RVM has been a great tool for managing different projects with different ruby versions – for you python folks you may be aware of virtualenv. But that has not come without it’s issues. Setting up Jenkins CI and RubyMine can require some extra setup steps that are a little frustrating sometimes. I’ve started moving all my development environments to rbenv and have been very happy. rbenv is a bit less intrusive and simpler to manage.
Here are the steps I took to make that move. Hopefully this will make things easy when you decide to make the switch.
The steps here assume you’re on a Mac with homebrew. If not, you may need to do some installation from source.
First – blow away rvm.
rvm implode rm ~/.rvmrc rm -r ~/.rvm
Install rbenv.
# install rbenv with homebrew brew install rbenv
Install ruby-build. This plugin gives rbenv the install action to install rubies.
git clone git://github.com/sstephenson/ruby-build.git ~/.rbenv/plugins/ruby-build
Install rbenv-bundler. This will make rbenv bundler aware. Without, you may run into permissions issues because without it ‘gem install bundler’ tries to install into /usr/bin.
git clone git://github.com/carsomyr/rbenv-bundler.git ~/.rbenv/plugins/bundler
Add shims to every shell by adding this line to your .profile or .bashrc
eval "$(rbenv init -)"
And while you’re in there, you might also remove references to rvm. Mine was trying to run ~/.rvm/script/rvm and had ~/.rvm/bin in the PATH. I removed all that and started with a clean shell for the rest.
Install your rubies
rbenv install 1.8.7-p334 rbenv install 1.9.2-p180 # ... add others that you use here
You can run
rbenv install --list
to figure out what rubies ruby-build knows about.
Pick a system ruby
rbenv global 1.9.2-p180
Setup bundler. I’m not certain that you need to do this for each ruby, but I had problems without doing that. So for good measure, and since it only has to happen once:
rbenv shell 1.8.7-p334 gem install bundler rbenv shell 1.9.2-p190 gem install bundler rbenv rehash
Tell rbenv that you’ve got new stuff
rbenv rehash
Set rubies for your different levels of usage. You can set global, local, and shell. I primarily use global and local, where global is for the machine, and local is for the projects that I work on.
cd /projects/my-1.8.7-project/ rbenv local 1.8.7-p334 cd /projects/my-1.9.2-project/ rbenv local 1.9.2-p190
That should be it.
You’ll need to re-bundle on your projects but from there on out you should be happily moved onto rbenv.
I’ve only just begun the process. For my development machines, this has been an easy switch. I’m hoping it will help me clean up my config for Jenkins.
Also, keep in mind that if you share projects with RVM users, no problem.

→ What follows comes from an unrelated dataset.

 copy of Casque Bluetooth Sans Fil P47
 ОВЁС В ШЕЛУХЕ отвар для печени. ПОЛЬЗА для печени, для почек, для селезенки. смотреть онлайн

These two systems, though they don’t work well together on the same machine, will not conflict across boxes. So you can safely run rbenv while your co-workers use rvm.
I followed same way to migrate rbenv from rvm. Everything is ok on the shell but I get the error “bundle: command not found” when job is building. Have an idea about this problem?
I know its temporary solution but I added export PATH=”$HOME/.rbenv/bin:$PATH” and eval “$(rbenv init -)” lines in Jenkins execute shell.
I suspect it’s because either you didn’t do the gem install bundler or that you forgot to rehash
Because of the path and the way rbenv handles executables, if you make updates to your environment, you need to run the ‘rehash’ command so rbenv will add new shims and make those executables available.